Martin Sprocket & Gear Company, Inc., Petitioner, v. National Labor Relations Board, Respondent, 329 F.2d 417 (5th Cir. 1964)Annotate this Case
Rehearing Denied April 22, 1964
Winfred Hooper, Jr., George Q. McGown, III, R. W. Decker, McGown, Godfrey, Logan & Decker, Fort Worth, Tex., for petitioner.
Dominick L. Manoli, Associate Gen. Counsel, N. L. R. B., Marcel Mallet-Prevost, Asst. Gen. Counsel, N. L. R. B., Melvin Pollack, Atty., N. L. R. B., Washington, D. C., Stuart Rothman, General Counsel, Janet Kohn, Attorney, National Labor Relations Board, Washington, D. C., for respondent.
Before BROWN and BELL, Circuit Judges, and SIMPSON, District Judge.
SIMPSON, District Judge.
Presented by the Petitioner, Martin Sprocket & Gear Company, Inc., (hereinafter Martin) is a Petition for Review of an Order of the National Labor Relations Board (hereinafter the Board).

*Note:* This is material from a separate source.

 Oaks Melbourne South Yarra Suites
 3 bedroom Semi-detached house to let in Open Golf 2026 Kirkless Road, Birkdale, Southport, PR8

We are asked to set aside an Order finding Martin in violation of Section 8(a) (1)1 of the National Labor Relations Act by reason of coercive interrogation of its employees with respect to their Union affiliations and activities, and Section 8(a) (3)2 by discriminatorily discharging an employee named Jefferson Davis King. The Board, having adopted the Trial Examiner's findings and recommendations, issued a Cease and Desist Order as to the 8(a) (1) and (3) violations and ordered that King be reinstated with back pay.
Petitioner's brief urges six assignments of error, which collectively can be summarized as follows:
The Order of the Board cannot stand because the Examiner's findings were erroneous, and, consequently, the conclusions so reached are not supported by substantial evidence.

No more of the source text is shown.